It's usually possible to disable Secure Boot without disabling EFI support; however, the user interfaces in EFIs vary greatly from one system to another, so I can't provide step-by-step instructions for doing this. I recommend you peruse your firmware settings to find the relevant options and play with them.
Also, it was my understanding that 12.04.2 did support Secure Boot. 12.10 definitely does, and I assume that the new 13.04 does. Thus, you should be able to get Ubuntu installed with Secure Boot active. Even if 12.04.2 doesn't actually include Secure Boot support, trying 13.04 might be worthwhile. Admittedly it's not an LTS version, but given how new Secure Boot is and how quickly things are changing in this arena, giving up LTS may be the price you have to pay -- at least, to do it relatively easily.
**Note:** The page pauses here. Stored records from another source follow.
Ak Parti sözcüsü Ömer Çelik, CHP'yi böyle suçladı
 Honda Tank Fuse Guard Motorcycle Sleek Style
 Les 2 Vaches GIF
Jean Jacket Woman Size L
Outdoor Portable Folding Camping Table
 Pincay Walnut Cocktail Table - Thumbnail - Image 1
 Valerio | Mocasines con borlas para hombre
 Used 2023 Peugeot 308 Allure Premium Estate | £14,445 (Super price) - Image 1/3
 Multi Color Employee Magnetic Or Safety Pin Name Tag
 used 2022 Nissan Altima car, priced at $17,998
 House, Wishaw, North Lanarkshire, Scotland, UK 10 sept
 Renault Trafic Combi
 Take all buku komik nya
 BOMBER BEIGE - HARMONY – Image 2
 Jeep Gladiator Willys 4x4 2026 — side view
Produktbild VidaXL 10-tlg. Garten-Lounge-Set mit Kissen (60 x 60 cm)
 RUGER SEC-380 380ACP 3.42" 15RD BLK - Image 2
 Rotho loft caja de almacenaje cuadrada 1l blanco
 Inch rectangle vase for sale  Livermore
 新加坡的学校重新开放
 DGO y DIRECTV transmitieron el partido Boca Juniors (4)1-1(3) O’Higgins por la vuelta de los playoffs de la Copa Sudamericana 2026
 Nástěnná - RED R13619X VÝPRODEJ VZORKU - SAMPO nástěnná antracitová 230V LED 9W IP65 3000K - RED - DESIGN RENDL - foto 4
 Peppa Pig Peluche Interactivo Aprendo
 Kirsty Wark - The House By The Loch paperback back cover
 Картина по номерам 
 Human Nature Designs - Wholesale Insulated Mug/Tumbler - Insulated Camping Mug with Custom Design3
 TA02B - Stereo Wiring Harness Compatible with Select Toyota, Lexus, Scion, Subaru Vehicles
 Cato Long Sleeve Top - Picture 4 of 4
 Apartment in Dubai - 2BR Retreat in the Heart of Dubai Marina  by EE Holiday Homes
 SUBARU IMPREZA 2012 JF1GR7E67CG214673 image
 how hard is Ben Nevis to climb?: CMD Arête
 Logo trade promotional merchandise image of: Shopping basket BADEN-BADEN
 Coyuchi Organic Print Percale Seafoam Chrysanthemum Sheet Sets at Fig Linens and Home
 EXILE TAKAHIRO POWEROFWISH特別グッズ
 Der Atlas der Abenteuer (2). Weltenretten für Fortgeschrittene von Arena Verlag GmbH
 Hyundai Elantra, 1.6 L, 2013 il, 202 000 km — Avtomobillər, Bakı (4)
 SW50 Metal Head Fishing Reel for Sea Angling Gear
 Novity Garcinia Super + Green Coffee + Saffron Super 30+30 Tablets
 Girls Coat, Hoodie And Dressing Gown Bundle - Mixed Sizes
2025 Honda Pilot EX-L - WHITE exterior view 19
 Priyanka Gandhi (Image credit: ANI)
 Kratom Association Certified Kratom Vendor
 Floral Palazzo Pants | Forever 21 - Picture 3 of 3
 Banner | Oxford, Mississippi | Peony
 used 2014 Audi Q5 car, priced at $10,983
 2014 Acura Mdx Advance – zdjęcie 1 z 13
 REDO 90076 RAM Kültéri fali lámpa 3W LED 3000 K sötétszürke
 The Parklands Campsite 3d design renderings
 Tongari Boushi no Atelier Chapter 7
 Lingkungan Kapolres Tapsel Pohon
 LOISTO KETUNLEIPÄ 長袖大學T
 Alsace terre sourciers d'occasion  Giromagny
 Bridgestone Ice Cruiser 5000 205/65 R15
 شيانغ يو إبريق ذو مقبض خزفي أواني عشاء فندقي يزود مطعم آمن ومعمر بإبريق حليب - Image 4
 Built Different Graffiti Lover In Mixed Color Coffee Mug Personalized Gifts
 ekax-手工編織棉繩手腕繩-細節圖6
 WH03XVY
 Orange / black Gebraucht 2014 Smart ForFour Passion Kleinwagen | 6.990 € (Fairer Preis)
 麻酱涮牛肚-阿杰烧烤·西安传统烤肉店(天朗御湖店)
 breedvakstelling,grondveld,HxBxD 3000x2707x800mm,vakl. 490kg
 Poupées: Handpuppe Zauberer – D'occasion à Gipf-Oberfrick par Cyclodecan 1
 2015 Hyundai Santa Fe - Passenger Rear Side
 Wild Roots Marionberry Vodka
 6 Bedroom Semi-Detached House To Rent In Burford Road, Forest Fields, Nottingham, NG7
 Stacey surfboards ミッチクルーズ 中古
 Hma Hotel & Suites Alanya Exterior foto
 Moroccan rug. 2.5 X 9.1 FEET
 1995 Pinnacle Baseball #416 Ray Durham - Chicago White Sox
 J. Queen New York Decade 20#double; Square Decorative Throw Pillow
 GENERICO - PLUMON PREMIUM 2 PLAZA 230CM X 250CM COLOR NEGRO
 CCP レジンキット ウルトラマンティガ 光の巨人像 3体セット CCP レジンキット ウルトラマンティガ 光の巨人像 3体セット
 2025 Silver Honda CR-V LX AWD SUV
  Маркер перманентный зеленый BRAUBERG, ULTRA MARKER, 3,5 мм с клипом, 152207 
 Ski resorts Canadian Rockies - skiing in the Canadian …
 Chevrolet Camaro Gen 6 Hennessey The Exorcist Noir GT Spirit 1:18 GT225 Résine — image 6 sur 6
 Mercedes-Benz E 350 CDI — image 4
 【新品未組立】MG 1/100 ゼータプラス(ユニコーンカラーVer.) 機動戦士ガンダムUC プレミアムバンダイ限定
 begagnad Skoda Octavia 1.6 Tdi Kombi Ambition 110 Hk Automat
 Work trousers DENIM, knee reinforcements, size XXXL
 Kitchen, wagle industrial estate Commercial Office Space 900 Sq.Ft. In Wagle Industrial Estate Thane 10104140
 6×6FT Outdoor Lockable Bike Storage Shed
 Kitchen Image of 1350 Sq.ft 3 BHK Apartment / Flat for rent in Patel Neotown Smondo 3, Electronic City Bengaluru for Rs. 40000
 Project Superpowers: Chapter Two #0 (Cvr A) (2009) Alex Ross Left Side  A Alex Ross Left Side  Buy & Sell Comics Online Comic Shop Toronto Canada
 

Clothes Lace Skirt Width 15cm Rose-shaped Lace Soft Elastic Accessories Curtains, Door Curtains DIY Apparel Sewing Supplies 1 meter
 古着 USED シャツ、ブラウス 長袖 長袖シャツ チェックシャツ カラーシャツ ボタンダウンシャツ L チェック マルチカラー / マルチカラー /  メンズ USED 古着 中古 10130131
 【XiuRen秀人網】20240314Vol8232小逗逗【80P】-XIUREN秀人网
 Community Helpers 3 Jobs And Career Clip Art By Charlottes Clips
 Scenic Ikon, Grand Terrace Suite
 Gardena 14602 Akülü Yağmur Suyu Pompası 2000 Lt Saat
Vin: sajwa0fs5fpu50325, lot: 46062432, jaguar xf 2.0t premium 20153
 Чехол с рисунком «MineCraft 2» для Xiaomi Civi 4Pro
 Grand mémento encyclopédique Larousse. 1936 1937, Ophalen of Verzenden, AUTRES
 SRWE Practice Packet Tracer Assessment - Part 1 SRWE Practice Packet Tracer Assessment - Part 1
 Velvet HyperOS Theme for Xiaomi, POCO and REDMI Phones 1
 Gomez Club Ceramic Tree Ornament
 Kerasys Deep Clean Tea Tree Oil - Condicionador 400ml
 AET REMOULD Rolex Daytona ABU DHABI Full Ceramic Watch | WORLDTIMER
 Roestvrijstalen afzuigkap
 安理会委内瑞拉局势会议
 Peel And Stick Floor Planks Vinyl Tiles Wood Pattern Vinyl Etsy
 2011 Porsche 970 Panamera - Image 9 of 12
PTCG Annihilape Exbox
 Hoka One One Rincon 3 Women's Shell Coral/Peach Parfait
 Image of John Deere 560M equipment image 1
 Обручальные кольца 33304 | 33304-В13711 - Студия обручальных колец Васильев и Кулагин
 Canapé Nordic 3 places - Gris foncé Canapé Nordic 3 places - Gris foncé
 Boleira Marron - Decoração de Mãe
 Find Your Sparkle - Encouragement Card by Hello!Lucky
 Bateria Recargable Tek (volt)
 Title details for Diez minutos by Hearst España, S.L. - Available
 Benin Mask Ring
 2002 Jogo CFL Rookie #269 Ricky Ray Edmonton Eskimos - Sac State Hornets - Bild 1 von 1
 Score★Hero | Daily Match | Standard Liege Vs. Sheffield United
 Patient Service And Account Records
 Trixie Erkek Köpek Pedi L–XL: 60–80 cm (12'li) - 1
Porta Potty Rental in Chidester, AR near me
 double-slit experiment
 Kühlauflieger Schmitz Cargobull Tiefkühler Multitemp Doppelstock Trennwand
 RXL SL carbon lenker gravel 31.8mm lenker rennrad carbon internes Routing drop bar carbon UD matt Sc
If all else fails, you should be able to get it to work by creating your own Secure Boot medium. This is not an easy task, though. My Web page on Secure Boot covers the topic in moderate detail. In brief, you'd need to prepare a medium (a modified Ubuntu installer or a separate boot medium) that includes a pre-signed version of
PreBootloader.efi and that launches a boot loader (ELILO, GRUB, or rEFInd) that in turn launches the Ubuntu installer's kernel and initrd file. You'd probably need to enroll keys or hashes for the boot loader and perhaps the kernel and initrd file to get this all working, too. This is not a task for a newbie, though; to get this to work, you'll need to be comfortable with boot loader/manager configuration files, kernel options, and so on.